Trois jours plus tard, le journal allemand publie les premiers extraits. Evoquant la Nuit de Cristal, Hitler aurait écrit : « On m’a rapporté qu’à plusieurs endroits d’horribles attaques avaient été conduites par des hommes en uniforme, que des Juifs avaient été battus à mort et que certains s’étaient suicidés. (Que va-t-on dire à I’étranger ?) » Le succès est au rendez-vous ! 1,8 millions d’exemplaires partent en quelques heures. Le 6 mai, nouvelle publication tandis que Paris Match en fait sa Une. Hitler fait recette ! De l’or en barre pour Stern qui a quand même, pour se rendre propriétaire de l’ensemble des carnets, dépensé la coquette somme de 9,3 millions de marks (plus de 5 millions d’euros).
Un scandale qui fait vaciller Stern
Pourtant, l’affaire fait rapidement florès ! Il aurait pourtant suffi à Stern de confier, avant toute publication, une analyse poussée des matériaux utilisés pour s’apercevoir qu’il s’agit de faux grossiers.
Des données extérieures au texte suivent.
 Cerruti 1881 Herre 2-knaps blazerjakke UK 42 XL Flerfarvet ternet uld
Inquiet quand même des critiques qui commencent à s’élever et du scandale qui peut en découler au cas où…, le journal se décide enfin à confier l’expertise des carnets en sa possession à l’office fédéral allemand des archives.
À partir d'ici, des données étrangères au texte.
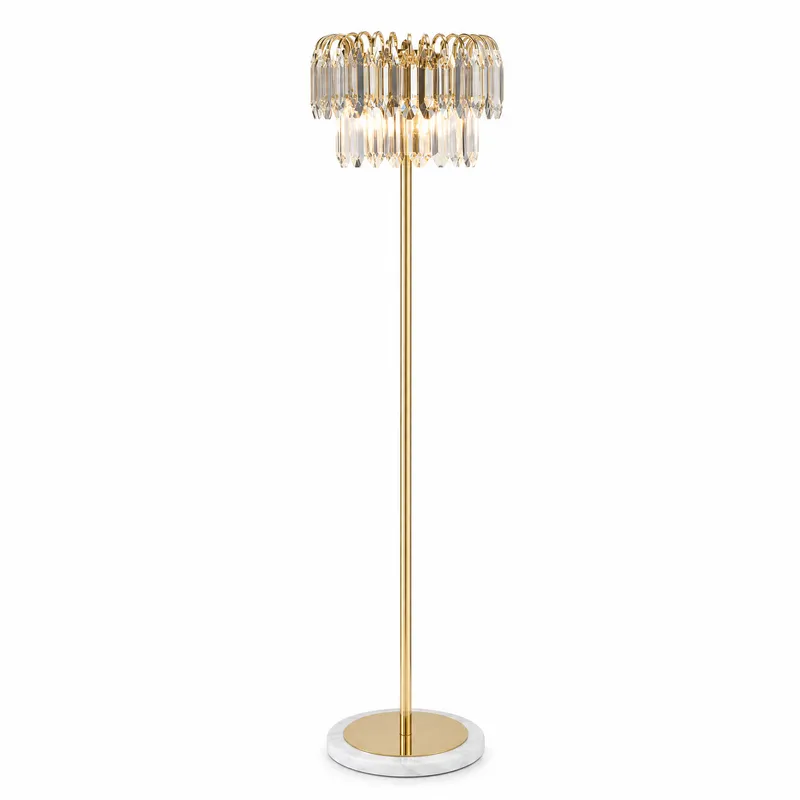 Eterea Crystal Floor Lamp — YIOSI Lamps LED Temporary & Work Lights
Un chimiste, le docteur Julius Grant, ne met pas longtemps à découvrir le pot-aux-roses, démontrant que papier, encre, colle et couleur du sceau sont postérieurs à 1945. Les carnets sont donc bel et bien des faux qu’Hitler n’a jamais pu écrire !
Peter Koch et la rédaction du Stern sont effondrés ! Par cette révélation mais également par le scandale qui retombera sur eux et sur le journal. Du reste, les rédacteurs en chef démissionnent après des excuses publiques du journal. La confiance des lecteurs est mise à mal. Les ventes s’effondrent.
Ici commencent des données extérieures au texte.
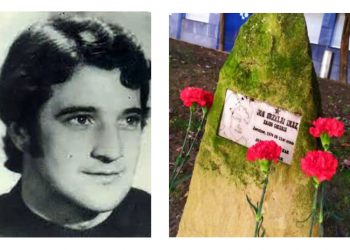 A petición de Covite, el Ayto. de Bilbao (PNV) retira el monolito en recuerdo a Jon Urzelai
L’affaire est portée sur le terrain judiciaire. Gerd Heidemann est arrêté et passe aux aveux. Il décrit le canular et avoue avoir détourné à son profit une partie de la somme. Kujau tente de s’enfuir mais il est rattrapé près de la frontière autrichienne le 14 mai.
Une condamnation sévère
En 1985, s’ouvre à Hambourg le procès des deux hommes qui durera onze mois. Tandis que Gerd Heidemann, dont on ne sait trop le rôle qu’il a joué dans cette affaire, fait profil bas, Konrad Kujau joue au matamore devant ses juges. Devenu dans les médias « Roi des faussaires », il a même vendu au Bild Zeitung l’histoire de sa vie. Un expert rapporte aux juges que de nombreux passages des cahiers ont été recopiés intégralement à partir de l’ouvrage de Max Domarus, écrit en 1962 sous le titre « Hitler, discours et proclamations. 1932-1945. » Un ouvrage qui comporte de nombreuses erreurs retrouvées dans les cahiers de Kujau.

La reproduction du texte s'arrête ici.